Por primera vez en la historia moderna, una generación está obteniendo resultados inferiores en pruebas académicas respecto a la que le precedió. Así lo afirma el neurocientífico Jared Cooney Horvath, de la Universidad de Melbourne, quien advierte que la Generación Z está marcando el fin del “Efecto Flynn” —el crecimiento constante del cociente intelectual que caracterizó al siglo XX—.
Según la investigación presentada ante el Senado de Estados Unidos, el uso excesivo de pantallas está atrofiando funciones cognitivas básicas como la memoria, la lectoescritura y la capacidad de resolución de problemas. “Cuanto más inteligentes se creen, más tontos son en realidad”, sentenció Horvath, refiriéndose a la percepción inflada que los jóvenes tienen de sus propias habilidades digitales.

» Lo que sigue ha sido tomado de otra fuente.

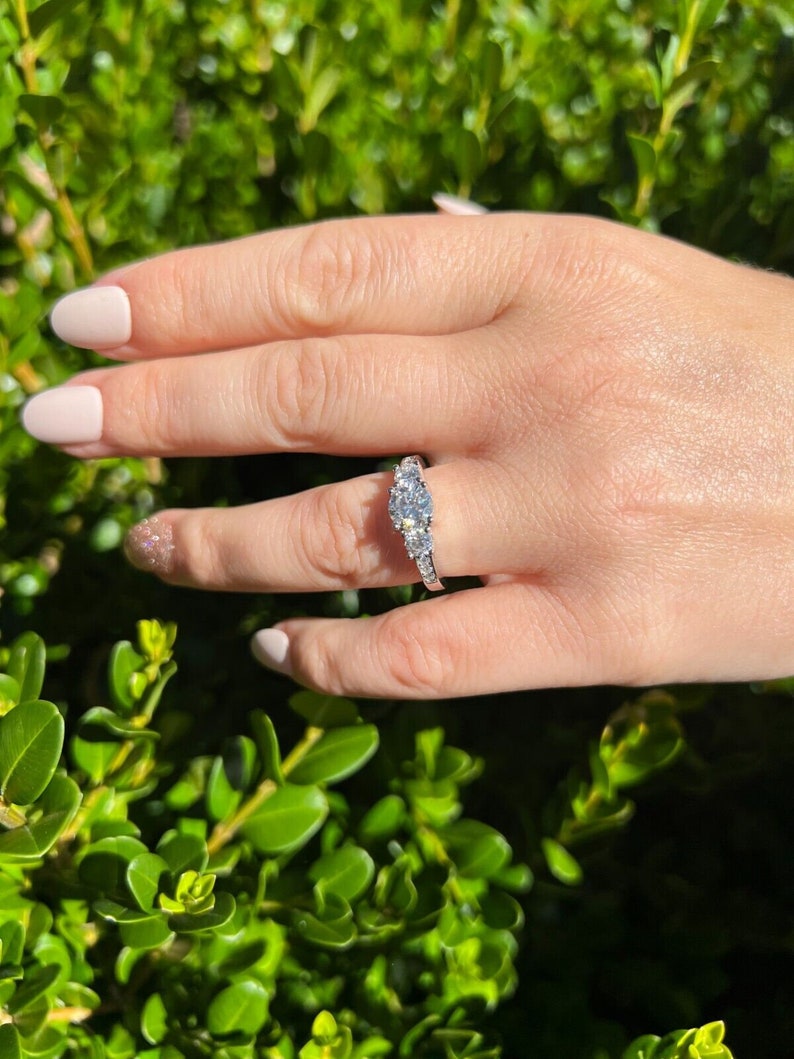 Three Stone Engagement Ring - Image 4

El cerebro vs. la pantalla El estudio identifica que los adolescentes pasan más de la mitad de su tiempo despiertos frente a un dispositivo. Esta sobreexposición afecta directamente el aprendizaje profundo, ya que la biología humana está diseñada para aprender a través de la interacción social y el estudio analítico, no mediante la búsqueda superficial de información en internet.
El regreso al papel y lápiz Uno de los hallazgos más alarmantes es que el 40% de la Generación Z presenta dificultades para escribir a mano. Este desplazamiento de la escritura tradicional no es solo un tema estético: la ciencia demuestra que escribir a mano activa regiones cerebrales clave para la retención de información.
Ante este panorama, países como Suecia ya han comenzado a limitar el uso de computadoras en las aulas, regresando a los libros de texto y la caligrafía para intentar contrarrestar el impacto negativo de la digitalización.

Identidad de la Generación Z A pesar de estos desafíos cognitivos, los nacidos entre 1995 y 2010 destacan por su rápida adaptación tecnológica y su fuerte compromiso con temas sociales como la salud mental, la diversidad y la sostenibilidad. Sin embargo, el reto actual para el sistema educativo será encontrar un equilibrio que permita aprovechar su conectividad sin sacrificar su desarrollo intelectual de fondo.